The customer was told by the call centre it wasn’t possible – such status pauses are offered only to customers who were having a baby.

Joyce quickly changed the policy.

“You have to get people to think in your culture … to actually think, if this was your mother, if this was your sister, how would you approach it and how would you apply it?

“You have to look at this and stare at it, and figure out how you can improve.”

Alan Joyce and Boral chief executive Mike Kane at the business forum that finished off The Australian Financial Review Business Summit.  Jessica Hromas

It’s a crucial insight into how a company such as Qantas remains one of our most trusted.

Airlines, like banks, deal with thousands of people every day, so there will plenty of minor complaints it faces.

But the company still retains trust because of its preparedness to listen, and then change and adapt.

Clearly, part of this willingness to change has been forced on Qantas by changing circumstances in the aviation sector, as Joyce explained.

“We are very heavily exposed, a lot of businesses, to companies around the globe. And if we weren’t putting the customer first, and weren’t trying to figure out how to improve all the time, and come up with new service, and lead with innovation, we have no right to exist.

“Qantas will celebrate 99 years of operation, the oldest continuous airline in the world. It’s survived for those 99 years ’cause it changed its business every decade, and it delivered for the customer for every decade.”

Creating a loyalty program like Frequent Flyers and then starting Jetstar would be examples of this innovation.

But Joyce’s willingness to listen and then act on a subject such as same-sex marriage is another example of the way the company has engendered trust.

Clearly, Qantas understood far better than politicians where the electorate stood on this issue.

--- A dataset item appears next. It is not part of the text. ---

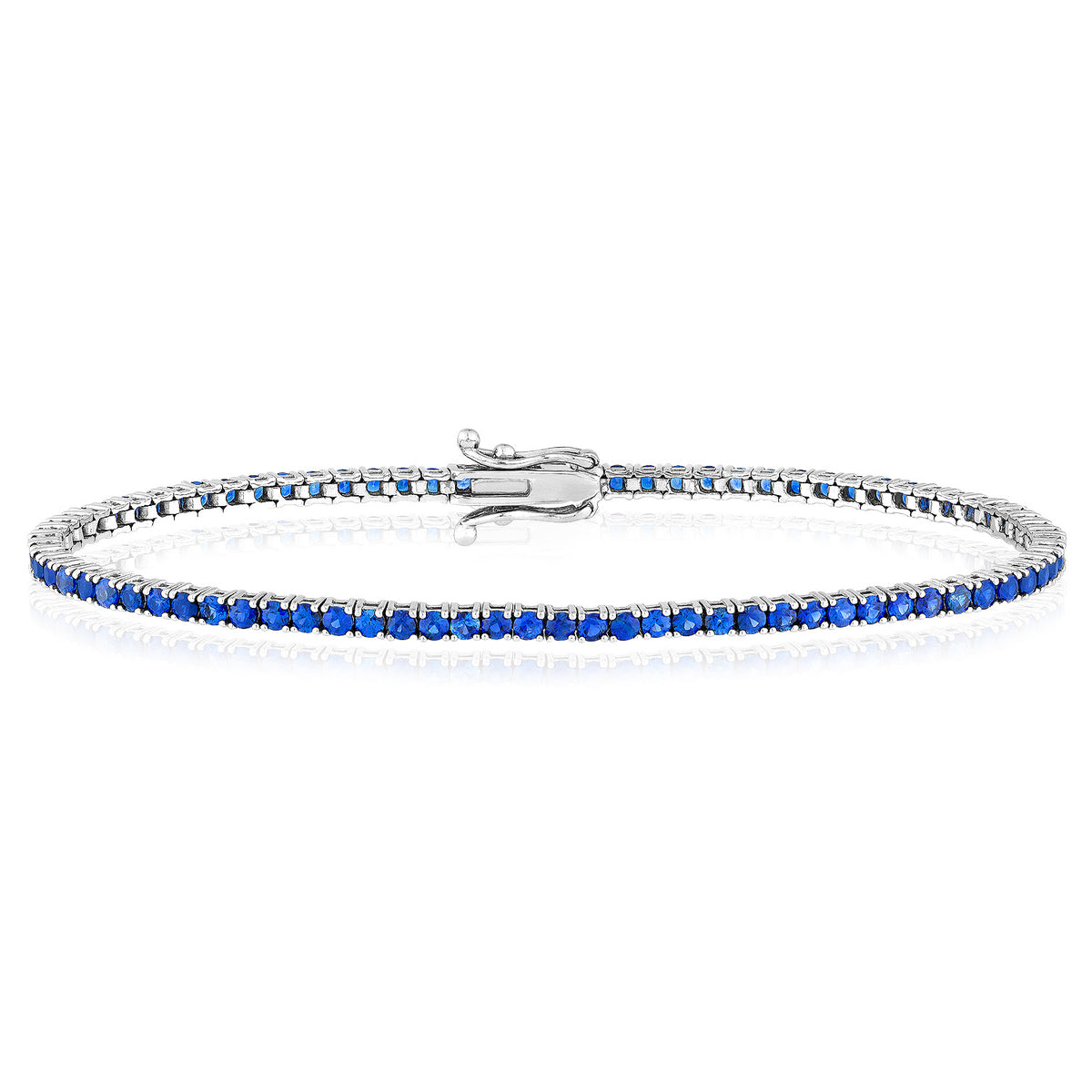 14K White Gold Round Blue Sapphire Tennis Bracelet 7"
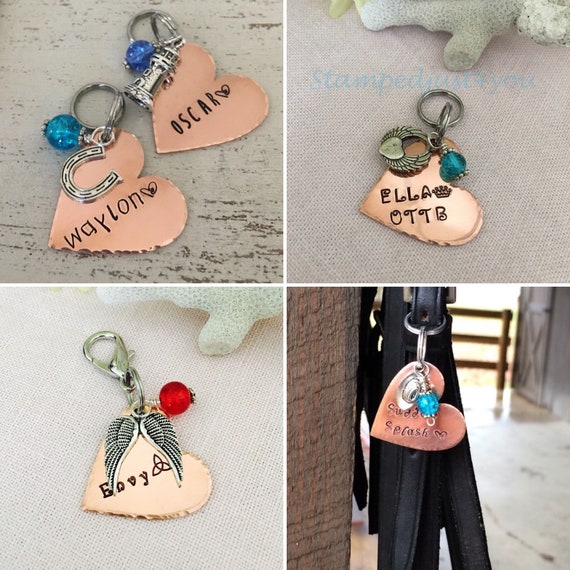 Personalized Copper Heart Bridle Tag: Hand Stamped Horse Charm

Clearly, it judged that its preparedness to speak out, and show leadership, actually built on the reputational capital it had developed.

It is this mix of being willing to listen and willing to change that marks Qantas’ recent history from a business leadership standpoint.

But it’s also a simple formula that the wider business sector could build from. Listen to your customers and the community, and they will listen to you.